Invero, le critiche rivolte all’elaborato del consulente d’ufficio non sono riprodotte nell’atto di impugnazione, “riportandosi integralmente” la ricorrente, “per motivi di sintesi di esposizione, a tutto quanto argomentato negli atti di causa depositati in uno al presente ricorso in ricorso”. La censura, dunque, non è formulata nel rispetto dell’art. 366, comma 1, n. 6), cod. proc. civ., se è vero che “la parte che lamenti l’acritica adesione del giudice di merito alle conclusioni del consulente tecnico d’ufficio non può limitarsi a far valere genericamente lacune di accertamento o errori di valutazione commessi dal consulente o dalla sentenza che ne abbia recepito l’operato, ma, in ossequio al principio di autosufficienza del ricorso per cassazione ed al carattere limitato del mezzo di impugnazione, ha l’onere di indicare specificamente le circostanze e gli elementi rispetto ai quali invoca il controllo di logicità, trascrivendo integralmente nel ricorso” – ciò che nella specie non risulta avvenuto – “almeno i passaggi salienti e non condivisi della relazione e riportando il contenuto specifico delle critiche ad essi sollevate, al fine di consentire l’apprezzamento dell’incidenza causale del difetto di motivazione” (Cass.

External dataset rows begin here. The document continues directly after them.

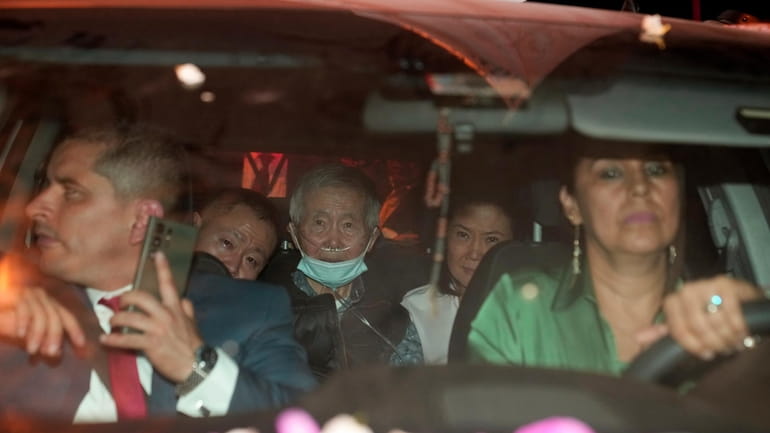 Peru's former President Alberto Fujimori, 85, center, is driven out...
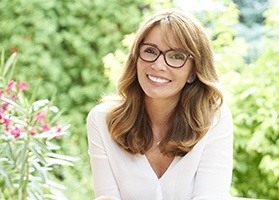 Woman in glasses smiling outdoors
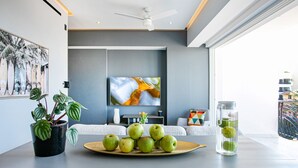 Un salon moderne doté d’un téléviseur à écran plat, d’un ventilateur de plafond et d’une table sur laquelle se trouvent une assiette de pommes vertes et une carafe en verre.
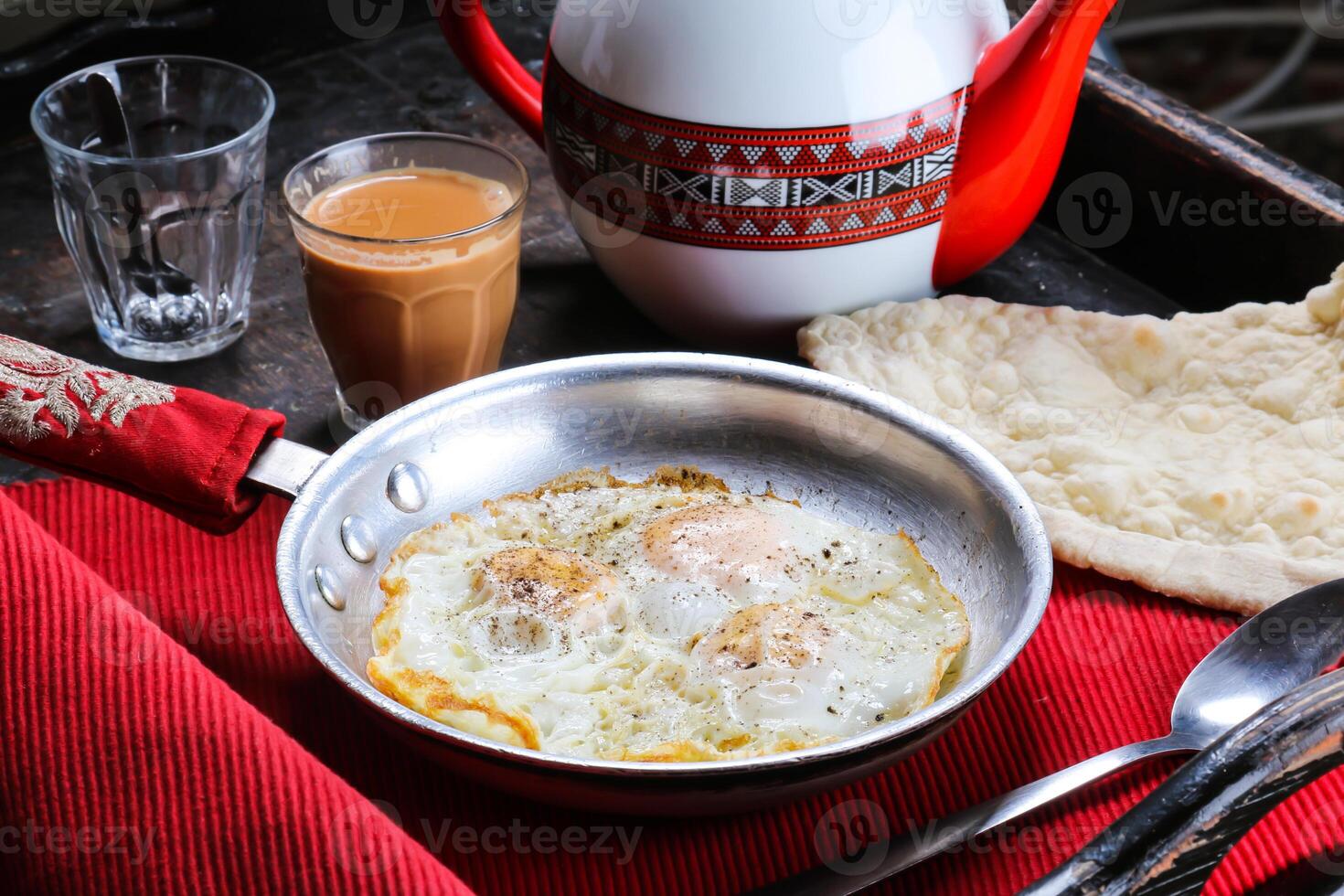 Fried Egg with bread, coffee and teapot served in dish isolated on red mat top view on table arabic food photo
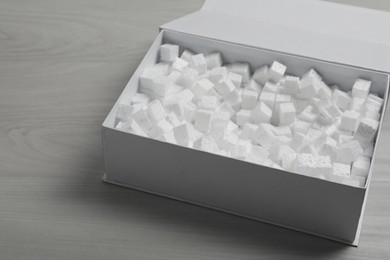 Cardboard box with styrofoam cubes on wooden floor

Sez. 3, ord. 13 luglio 2021, n. 19989, Rv. 661839-01).

Infine, neppure può sottacersi la circostanza – evidenziata dalla controricorrente – che, in relazione all’errore “ulteriore” in cui si assume sarebbe incorso il C.T.U. (l’utilizzazione del tasso soglia previsto per la categoria dei mutui a tasso variabile e non quello della categoria dei mutui a tasso fisso a partire dal 1 luglio 2004), la Corte barese aveva rilevato la tardività dell’eccezione, avvenuta solo in sede di comparsa conclusionale d’appello, assumendo che essa “avrebbe dovuto essere denunciata con il proposto gravame incidentale”; affermazione, questa, che la ricorrente non si è data carico di confutare, come avrebbe dovuto, perché nella sostanza prospettante l’esistenza di un giudicato “interno”.

11. Le spese del presente giudizio di legittimità seguono la soccombenza, essendo pertanto poste a carico della ricorrente e liquidate come da dispositivo.

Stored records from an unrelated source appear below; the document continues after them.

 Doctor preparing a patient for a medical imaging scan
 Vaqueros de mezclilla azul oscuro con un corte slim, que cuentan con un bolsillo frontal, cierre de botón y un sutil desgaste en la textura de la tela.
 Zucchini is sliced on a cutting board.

12. A carico della ricorrente, stante il rigetto del ricorso, sussiste l’obbligo di versare un ulteriore importo a titolo di contributo unificato, se dovuto secondo un accertamento spettante all’amministrazione giudiziaria (Cass. Sez. Un., sent. 20 febbraio 2020, n. 4315, Rv. 657198-01), ai sensi dell’art. 13, comma 1-quater, del d.P.R. 30 maggio 2002, n. 115.

Clausola risolutiva espressa e la comunicazione di avvalersi della clausola stessa

P.Q.M.

La Corte rigetta il ricorso, condannando la società (…) Spa a rifondere, alla società (…) Sas di Pa.Pe. E C., le spese del presente giudizio di legittimità, liquidate in complessivi Euro 8.000,00, più Euro 200,00 per esborsi, oltre spese forfetarie nella misura del 15% ed accessori di legge.

Ai sensi dell’art. 13, comma 1-quater, del d.P.R. 30 maggio 2002, n. 115, nel testo introdotto dall’art. 1, comma 17, della legge 24 dicembre 2012, n. 228, la Corte dà atto della sussistenza dei presupposti per il versamento da parte della ricorrente dell’ulteriore importo a titolo di contributo unificato, pari a quello previsto per il ricorso, a norma del comma 1-bis dello stesso art. 13, se dovuto.

Così deciso in Roma il 29 novembre 2023.

Depositata in Cancelleria l’8 aprile 2024.